Abstract:
Objective: To observe and summarize the therapeutic effects and complications of different surgical procedures for treatment of hypospadia so as to provide basis for patients to choose a suitable pattern.
Methods: Different surgical procedures were applied to 48 patients with hypospadia. Duckett was adopted by 23 cases,Denis-Browne 3 cases,Duplay 10 cases,MAGPI 1 case, Duckett + Duplay 3 cases,scrotal septal vascular pediclen flap 3 cases and Hodgson 5 cases.
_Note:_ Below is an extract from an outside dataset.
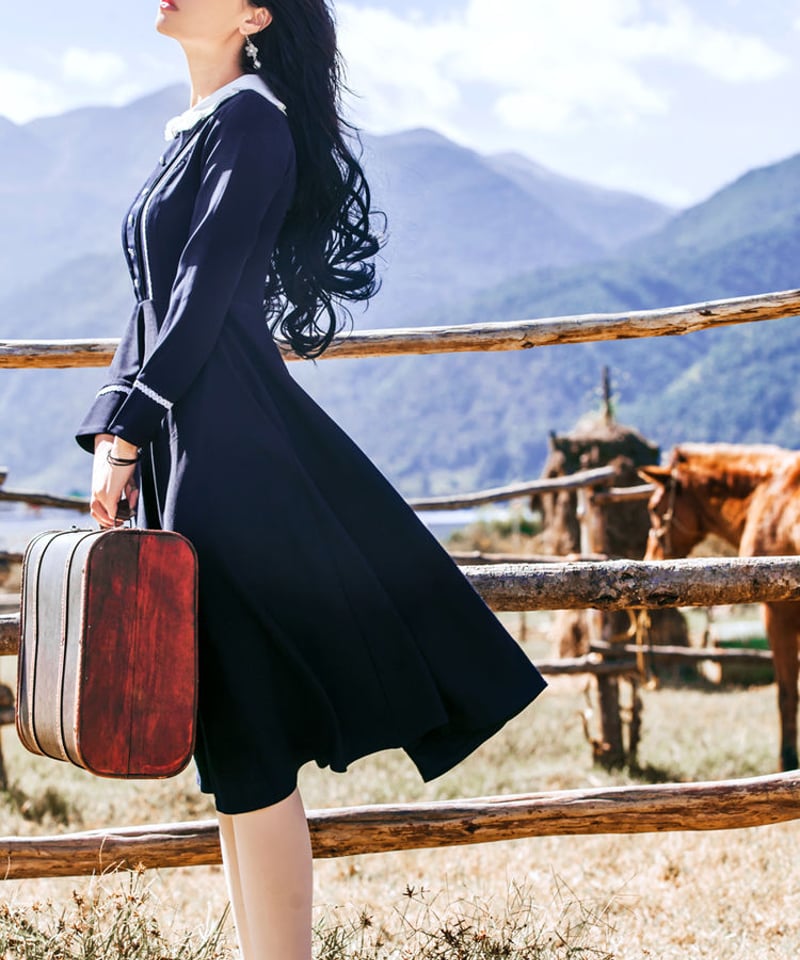 長袖ドレス マリーン風 ネイビーと白のコントラストのワンピース XL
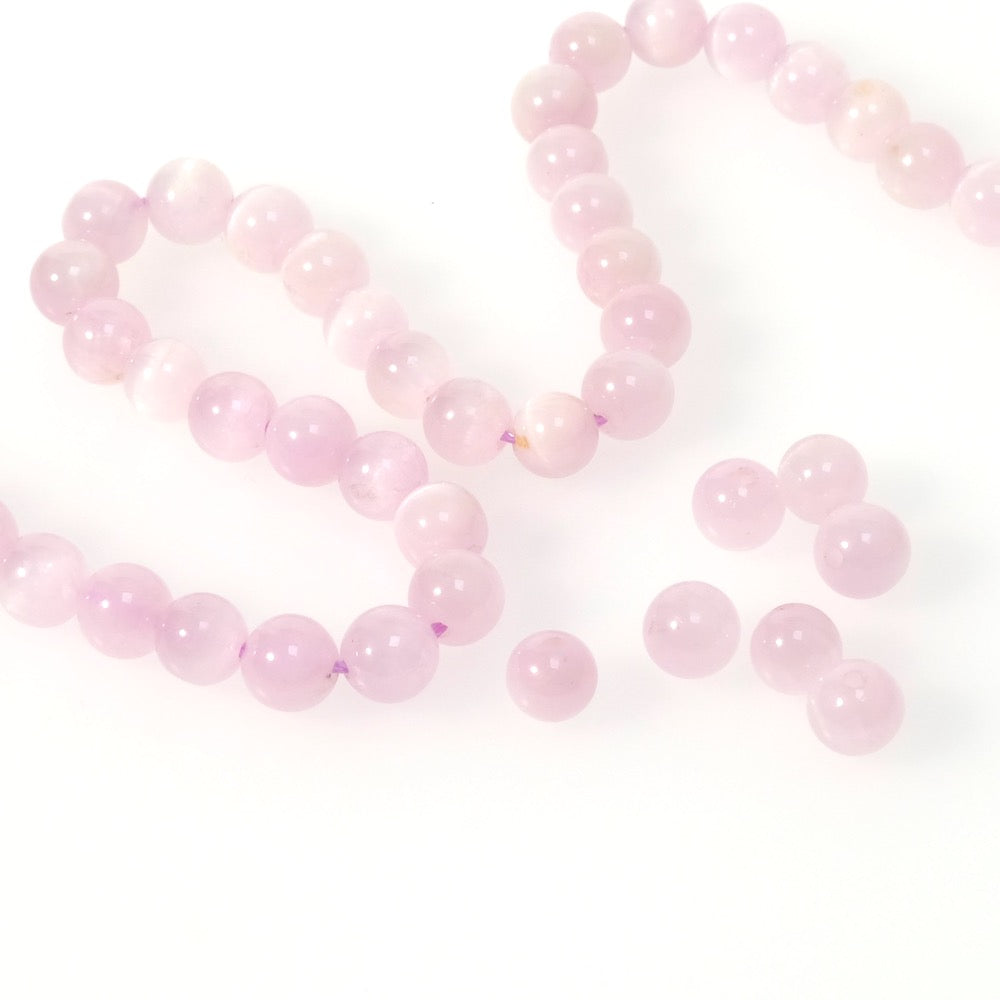 2 perles en pierre naturelle ronde 6mm Kunzite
The success rate and the complication of each procedure were analyzed retrospectively.
Results: Of the 23 cases treated by Duckett,one-stage success was achieved in 18 cases, urinary fistula occurred in 3 cases,anastomotic stricture in one case and skin edge necrosis in one case; of the 3 cases treated by DenisBrowne,2 cases achieved successful results and 1 developed urethral stricture; of the 10 cases adopting Duplay,one-stage success was achieved in 7 cases and urinary fistula occurred in 3 cases; the operation was successful in the one case treated by MAGP; of the 3 cases adopting Duckett + Duplay,the operation was successful in 1 case,urinary fistula occurred in 1case and anastomotic stricture in 1 case; of the 3 cases treated by scrotal septal vascular pediclenflap,successful result was achieved in 2 cases and urinary fistula occurred in one case; of the 5 cases adopting Hodgson,4 cases achieved good results and urinary fistula occurred in 1 case.
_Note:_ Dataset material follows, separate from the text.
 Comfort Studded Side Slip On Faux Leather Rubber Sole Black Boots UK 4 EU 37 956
Conclusions: Different surgical procedures should be applied to different types of hypospadia. To most patients receiving the therapy for the first time,Duckett and Hodgson procedures should be taken as the first choice; patients receiving the penis diorthosis surgery for the second time may choose Duplay or Denis-Browne; patients having experienced failed operations or lacking external genital organ skin source should consider using dissociation substitution tissues(cheek mucous membrane,tongue mucous membrane and so on).